On May 13, 1917, three shepherd children, Lucia de Jesus dos Santos and two of her cousins, Jacinta and Francisco Marto, reported seeing a vision of the Virgin Mary near Fatima, Portugal; it was the first of six such apparition­s that the children claimed to have witnessed.

In 1607, English colonists arrived by ship at the site of what became the Jamestown settlement in Virginia (the colonists went ashore the next day).

In 1846, the United States declared that a state of war already existed with Mexico.

In 1918, the first U.S. airmail stamps, featuring a picture of a Curtiss JN-4 biplane, were issued to the public. (On a few of the stamps, the biplane was inadverten­tly printed upsidedown, making them collector’s items.)

In 1935, T.E. Lawrence, who earned internatio­nal fame as Lawrence of Arabia, was critically injured in a motorcycle accident in Dorset, England; he died six days later.

In 1940, in his first speech as British prime minister, Winston Churchill told Parliament, “I have nothing to offer but blood, toil, tears and sweat.”

In 1958, Vice President Richard Nixon and his wife, Pat, were spat upon and their limousine battered by rocks thrown by anti-U.S. demonstrat­ors in Caracas, Venezuela.

In 1967, a vault fire at Metro-Goldwyn-Mayer in Culver City, California, destroyed hundreds of the studio’s early films. The Scott McKenzie single “San Francisco (Be Sure to Wear Flowers in Your Hair)” was released. In 1973, in tennis’ first so-called “Battle of the Sexes,” Bobby Riggs defeated Margaret Court 6-2, 6-1 in Ramona, California. (Billie Jean King soundly defeated Riggs at the Houston Astrodome in September.)

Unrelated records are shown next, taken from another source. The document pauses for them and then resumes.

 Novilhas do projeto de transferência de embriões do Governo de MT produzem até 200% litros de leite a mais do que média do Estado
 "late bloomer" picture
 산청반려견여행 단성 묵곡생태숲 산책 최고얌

In 1981, Pope John Paul II was shot and seriously wounded in St. Peter’s Square by Turkish assailant Mehmet Ali Agca (MEH’-met AH’-lee AH’-juh).

In 1985, a confrontat­ion between Philadelph­ia authoritie­s and the radical group MOVE ended as police dropped a bomb onto the group’s row house; 11 people died in the resulting fire that destroyed 61 homes.

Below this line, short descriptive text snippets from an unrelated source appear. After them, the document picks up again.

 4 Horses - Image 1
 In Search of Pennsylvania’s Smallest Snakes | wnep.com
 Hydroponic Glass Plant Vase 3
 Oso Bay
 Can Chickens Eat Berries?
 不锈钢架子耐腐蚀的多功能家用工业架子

In 1992, the Falun Gong movement had its beginnings in the northeaste­rn Chinese city of Changchun.

In 1996, the U.S. Supreme Court, in 44 Liquormart v. Rhode Island, unanimousl­y struck down Rhode Island’s ban on ads that listed or referred to liquor prices, saying the law violated freespeech rights.

Ten years ago: President George W. Bush made a pilgrimage to the site of the Jamestown settlement in Virginia to mark the 400th anniversar­y of its founding. Pope Benedict XVI, ending a five-day visit to Brazil, blamed both Marxism and unbridled capitalism for Latin America’s problems. Canada won hockey’s world championsh­ip with a 4-2 victory over Finland.

Five years ago: The mutilated bodies of 49 people were found near Monterrey, Mexico, apparent victims of a drug cartel. A gunman assassinat­ed Arsala Rahmani, a former high-ranking Taliban official working to end the decade-long war in Afghanista­n. Donald “Duck” Dunn, 70, the bassist who helped create the gritty Memphis soul sound at Stax Records in the 1960s as part of the legendary group Booker T. and the MGs, died in Tokyo while on tour.